Jüpiter: Seninle konuşacak hiç bir şeyim yok Audrey.

Audrey: Bu önemli Jüpiter.

Audrey: Lütfen beni affet Jüpiter.

Jüpiter: Ben sana kendimden bile daha çok güvendim. Söylediğin ve söyleyeceğin başka yalanlar duymak istemiyorum!

Audrey: Jüpiter! Fark ettiysen konuştuğumuz günler durumumuz iyiyken konuşmadığımız zamanlar ikimizde çöküyor. 

Audrey: Bu Değişkenle bağlantılı!

Audrey: Bana inanmak zorundasın!

Jüpiter: Hiçbir şey için zorunluluğum yok Audrey! 

Jüpiter: Yalanların bitmiyor!

Jüpiter: Değişkenmiş! Buda yalan değil mi?

Jüpiter: Sadece kendini düşünüyor, saçma sapan yalanlar uyduruyorsun!

Jüpiter: Saçmalıklarından sıkıldım, bu gizli saklı aptallığından da!
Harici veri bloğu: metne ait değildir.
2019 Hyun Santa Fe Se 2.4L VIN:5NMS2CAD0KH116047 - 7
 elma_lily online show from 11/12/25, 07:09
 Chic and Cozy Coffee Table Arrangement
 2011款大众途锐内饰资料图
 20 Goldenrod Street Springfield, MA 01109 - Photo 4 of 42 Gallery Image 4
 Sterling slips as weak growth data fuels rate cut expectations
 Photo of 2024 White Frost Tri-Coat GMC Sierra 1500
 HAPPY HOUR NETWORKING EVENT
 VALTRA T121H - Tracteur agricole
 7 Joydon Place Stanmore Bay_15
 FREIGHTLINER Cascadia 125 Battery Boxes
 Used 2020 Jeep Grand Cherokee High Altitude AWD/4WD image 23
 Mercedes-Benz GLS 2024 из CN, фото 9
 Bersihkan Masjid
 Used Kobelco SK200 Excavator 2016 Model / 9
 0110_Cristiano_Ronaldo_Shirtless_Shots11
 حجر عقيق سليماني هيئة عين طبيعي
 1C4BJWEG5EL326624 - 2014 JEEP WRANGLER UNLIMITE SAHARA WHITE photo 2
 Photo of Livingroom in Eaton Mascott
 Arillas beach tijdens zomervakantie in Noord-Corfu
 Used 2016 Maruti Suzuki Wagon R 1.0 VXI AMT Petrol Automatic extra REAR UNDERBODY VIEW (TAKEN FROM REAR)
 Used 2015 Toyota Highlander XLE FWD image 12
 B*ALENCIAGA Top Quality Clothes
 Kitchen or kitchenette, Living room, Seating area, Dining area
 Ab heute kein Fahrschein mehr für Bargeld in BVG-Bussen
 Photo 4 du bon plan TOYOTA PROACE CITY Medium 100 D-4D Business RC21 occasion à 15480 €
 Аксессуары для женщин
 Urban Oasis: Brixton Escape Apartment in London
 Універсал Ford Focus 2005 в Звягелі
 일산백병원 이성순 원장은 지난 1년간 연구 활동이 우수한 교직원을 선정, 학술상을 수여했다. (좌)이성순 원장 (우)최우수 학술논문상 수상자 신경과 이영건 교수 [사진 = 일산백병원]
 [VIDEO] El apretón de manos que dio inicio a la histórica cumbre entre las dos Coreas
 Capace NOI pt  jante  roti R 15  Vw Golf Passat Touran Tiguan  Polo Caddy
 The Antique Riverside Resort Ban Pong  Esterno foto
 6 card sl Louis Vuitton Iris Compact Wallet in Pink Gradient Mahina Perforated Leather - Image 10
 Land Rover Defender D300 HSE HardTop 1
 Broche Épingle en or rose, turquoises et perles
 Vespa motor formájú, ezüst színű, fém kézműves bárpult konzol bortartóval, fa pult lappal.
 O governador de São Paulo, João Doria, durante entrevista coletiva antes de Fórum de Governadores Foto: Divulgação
Audrey: Ağır konuşuyorsun, bu canımı yakıyor...

Jüpiter: Bu umrumda bile değil, ne yani sana gerçekten inanacağımımı sandın?

Jüpiter: Senin bu saçma sapan oyununa katılacağımı falan?

Audrey: Yersiz yere bu kadar üzüyor canımı yakıyorsun Jüpiter. Seninle artık ben konuşmak istemiyorum. Bu kadar şeyi hak ettiğimi düşünmüyorum.

Audrey: Sen, senin peşinden koşacağımı sandın illa beni affet diye dolaşacağımı sandın.

Audrey: Üzgünüm ama kendi tabularımı çiğneyemem ve senin gibi birinden umut beklediğim için aptal olmalıyım. 

Audrey: Güle güle Beha Bayraktar, Bir daha seninle konuşmak istemiyorum. Yaptığım her şey için ve seni düşündüğüm için üzgünüm. 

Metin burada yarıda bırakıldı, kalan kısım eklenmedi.